What is a better approach for cross-validation with time-related predictors



I was a given a data set with different predictors about a store and the idea is to forecast the number of daily shoppers. The predictors are the weekday, time of the day (morning, afternoon, evening), week number, month, weather (humidity, dew point, temperature), holidays. The outcome variable is the number of visitors.

I want to build a regression model to predict the number of visitors using traditional machine learning algorithms such as random forests, SVM, and the like.

My main concern is how to validate this model using CV since some of the predictors are time-related. Plain vanilla CV cannot be performed here. In this question, they suggest a way to perform this but my problem is that I only have data from June 2015 to present.

My initial idea was the following:

  • train with data from June 2015-December 2015. Test with January
  • train with June 2015-January 2016. Test with February 2016.

Each time one month of data is added to the training data after having asses the error for that month. Then compute average performance.

My questions:

  1. Is this approach reasonable or not?

  2. If so, should I get rid of the month variable? Note that in a., for instance, I am testing with some data that belongs to different months that the one used for training. I mean, for the training I used data from June to December 2015, but I am testing for January 2016. Seasonality can be something I am missing.

  3. How to validate such models in general?

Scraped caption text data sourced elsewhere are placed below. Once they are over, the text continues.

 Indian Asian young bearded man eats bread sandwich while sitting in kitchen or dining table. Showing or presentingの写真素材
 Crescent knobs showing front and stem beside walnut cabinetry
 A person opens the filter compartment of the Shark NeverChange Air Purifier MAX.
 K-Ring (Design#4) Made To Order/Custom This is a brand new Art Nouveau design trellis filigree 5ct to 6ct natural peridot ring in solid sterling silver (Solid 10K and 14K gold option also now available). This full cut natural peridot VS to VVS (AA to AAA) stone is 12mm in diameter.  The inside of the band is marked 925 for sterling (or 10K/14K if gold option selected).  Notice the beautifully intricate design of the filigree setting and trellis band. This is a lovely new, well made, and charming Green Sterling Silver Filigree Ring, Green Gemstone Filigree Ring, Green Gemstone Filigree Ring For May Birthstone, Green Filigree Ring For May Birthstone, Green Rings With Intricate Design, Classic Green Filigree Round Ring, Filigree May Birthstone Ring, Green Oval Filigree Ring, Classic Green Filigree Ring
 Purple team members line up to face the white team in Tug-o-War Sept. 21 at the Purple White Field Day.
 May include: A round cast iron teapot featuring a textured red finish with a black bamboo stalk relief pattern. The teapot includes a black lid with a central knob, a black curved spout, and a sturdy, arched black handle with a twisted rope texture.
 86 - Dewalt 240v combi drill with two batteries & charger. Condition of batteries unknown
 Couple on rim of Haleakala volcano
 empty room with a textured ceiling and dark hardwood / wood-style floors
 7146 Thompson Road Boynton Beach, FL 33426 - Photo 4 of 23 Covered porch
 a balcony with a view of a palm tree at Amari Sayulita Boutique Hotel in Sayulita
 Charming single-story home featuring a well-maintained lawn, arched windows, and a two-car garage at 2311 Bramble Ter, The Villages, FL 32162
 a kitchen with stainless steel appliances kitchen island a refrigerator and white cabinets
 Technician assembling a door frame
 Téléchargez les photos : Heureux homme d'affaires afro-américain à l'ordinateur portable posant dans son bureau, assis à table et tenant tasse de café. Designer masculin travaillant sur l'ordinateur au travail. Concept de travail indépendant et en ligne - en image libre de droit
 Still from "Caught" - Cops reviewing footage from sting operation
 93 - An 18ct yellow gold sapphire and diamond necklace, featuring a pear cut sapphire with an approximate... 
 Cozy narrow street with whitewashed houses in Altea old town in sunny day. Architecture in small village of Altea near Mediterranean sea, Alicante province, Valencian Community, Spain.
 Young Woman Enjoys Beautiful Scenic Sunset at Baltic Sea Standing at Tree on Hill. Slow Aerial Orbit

Posted 2016-11-30T01:50:16.640

Reputation: 163



One such way to handle a time series cross-validation is to take a look at the below Python code from here:

def performTimeSeriesCV(X_train, y_train, number_folds, algorithm, parameters):
Given X_train and y_train (the test set is excluded from the Cross Validation),
number of folds, the ML algorithm to implement and the parameters to test,
the function acts based on the following logic: it splits X_train and y_train in a
number of folds equal to number_folds. Then train on one fold and tests accuracy
on the consecutive as follows:
- Train on fold 1, test on 2
- Train on fold 1-2, test on 3
- Train on fold 1-2-3, test on 4
Returns mean of test accuracies.

print 'Parameters --------------------------------> ', parameters
print 'Size train set: ', X_train.shape

# k is the size of each fold. It is computed dividing the number of 
# rows in X_train by number_folds. This number is floored and coerced to int
k = int(np.floor(float(X_train.shape[0]) / number_folds))
print 'Size of each fold: ', k

# initialize to zero the accuracies array. It is important to stress that
# in the CV of Time Series if I have n folds I test n-1 folds as the first
# one is always needed to train
accuracies = np.zeros(folds-1)

# loop from the first 2 folds to the total number of folds    
for i in range(2, number_folds + 1):
    print ''

    # the split is the percentage at which to split the folds into train
    # and test. For example when i = 2 we are taking the first 2 folds out 
    # of the total available. In this specific case, we have to split the
    # two of them in half (train on the first, test on the second), 
    # so split = 1/2 = 0.5 = 50%. When i = 3 we are taking the first 3 folds 
    # out of the total available, meaning that we have to split the three of them
    # in two at split = 2/3 = 0.66 = 66% (train on the first 2 and test on the
    # following)
    split = float(i-1)/i

    # example with i = 4 (first 4 folds):
    #      Splitting the first       4        chunks at          3      /        4
    print 'Splitting the first ' + str(i) + ' chunks at ' + str(i-1) + '/' + str(i) 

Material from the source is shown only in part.